Gabriela makes her tortillas from scratch and I mean really from scratch, starting with kernels of corn. Don Days Wife sends Don Day up the street to the tortilleria because, “If they’re crisped, you will hardly know the difference. I can’t even name one restaurant in San Miguel that grinds its own corn for masa.”

After buying the tortillas, five are taken from the pile and put on the fridge to dry out (the tostada was probably created as a way to use up stale tortillas).

The next step in the My Mexico City Kitchen’s recipe for tuna tostada is to make what Gabriela Cámara calls mayonesa con chipotle and I (and probably you) call chipotle mayo. Gabriela’s deserves a more formal name because she makes hers from scratch. Don Day’s Wife says, “I should but I don’t and there’s that big jar of Hellmann’s staring at me in the fridge.”

Both Gabriella Cámara and DDW do cheat with one part of their chipotle mayo. They both get their chipotle in adobo from a tin can. But I have never met one single Mexican chef that didn’t.

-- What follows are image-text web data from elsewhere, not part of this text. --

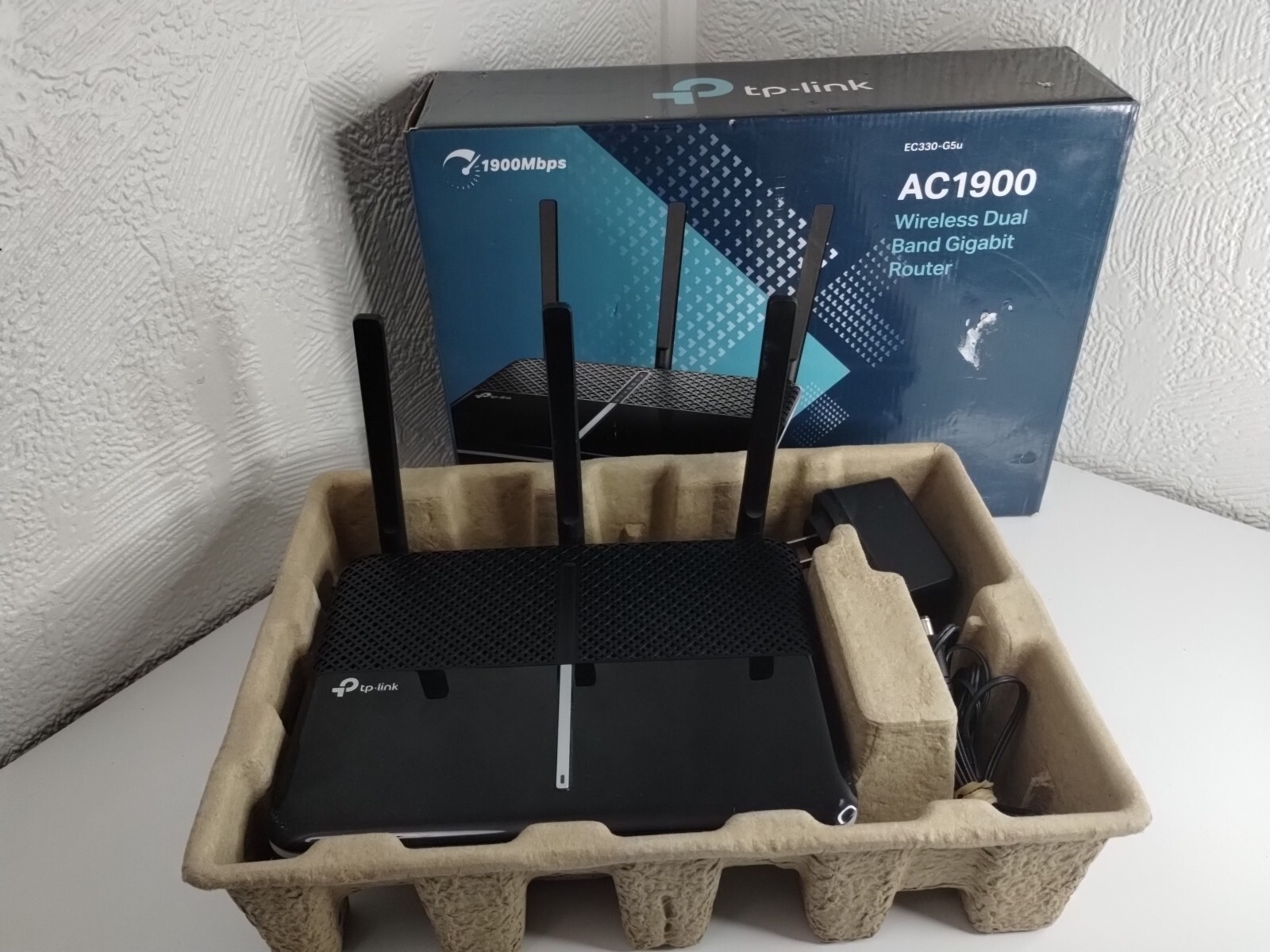 TP-Link AC1900 Wireless Dual-Band Gigabit Router, EC330-G5u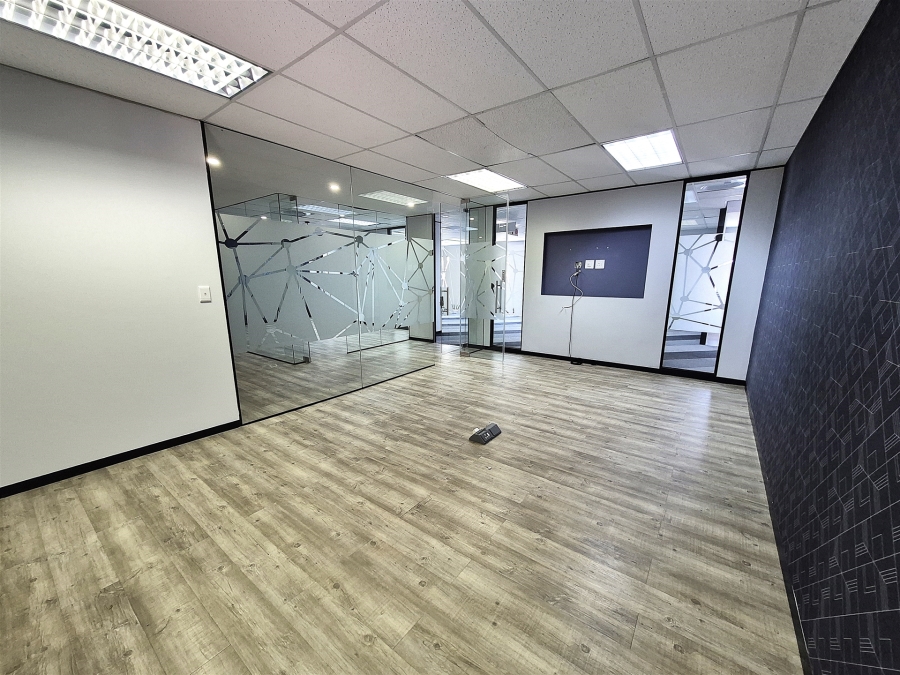 To Let Commercial Property for Rent in Hyde Park Gauteng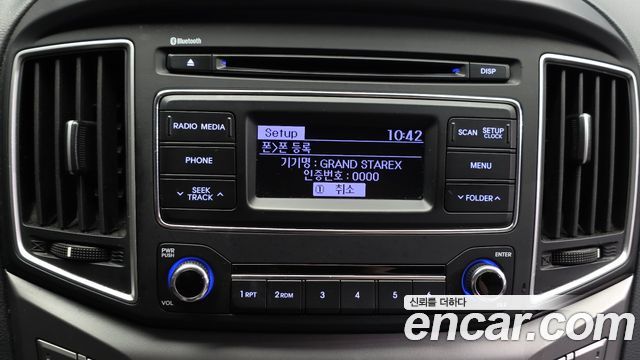 Hyundai Starex 2019 — photo 21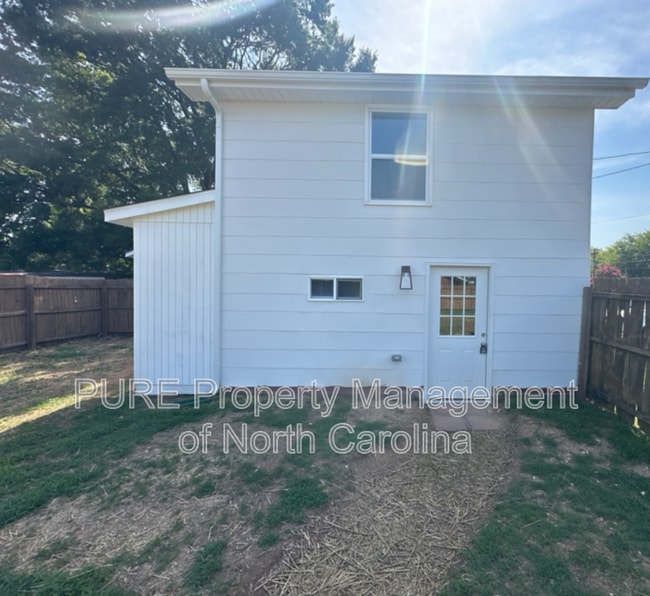 Primary Photo - 1105 Jackson St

Gabriella Cámara’s recipe uses rice bran or safflower or “any vegetable oil with a high smoke point” to deep-fry first the tortillas and then the leeks. Don Day’s Wife uses sunflower oil which has a not so high smoke point (but is in the closest cupboard).

Gabriela Cámara says the tortillas should be fried one at a time. Don Day’s Wife fries two at a time because two fit fine in the fryer.

Meanwhile the tuna gets a very quick dip in a ponzu sauce which sounds very exotic but Gabriela tells us can be created with a 50/50 mix of orange juice and bottled soy (which Don Day’s Wife didn’t even know).

It’s then just assemble and eat. But carefully. If you can consume Contramar’s tuna tostada without it collapsing and crumbling  on your shirt, you’re a much more sophisticated diner than I am.

“So, how was it” is the ultimate question when Don Day’s Wife creates something with a new recipe. Well I thought it was a WOW! And, even with a few shortcuts from DDW, just as good as the one served at Contramar.

For the complete recipe how-to, you will, of course, have to beg, borrow or buy the book. But, in addition to the instructions, you’ll also get a pile of very useful tips that Contramar’s founder includes in My Mexico City Kitchen. In the tuna tostada recipe, Gabriela Cámara tells us that fresh tortillas curl up if you try to fry them, that you can use a wooden spoon to check the temperature of oil in a fryer, and that a drizzle of olive oil will prevent your tuna from losing its color.

One more thing about My Mexico City Kitchen: It’s not just a seafood cookbook. You’ll also find recipes for classic Mexican meat dishes including cochinita pibil, chiles rellenos, enchiladas en mole rojo and the next one I’m going to nudge/nudge, wink/wink to Don Day’s Wife, puerco al pastor.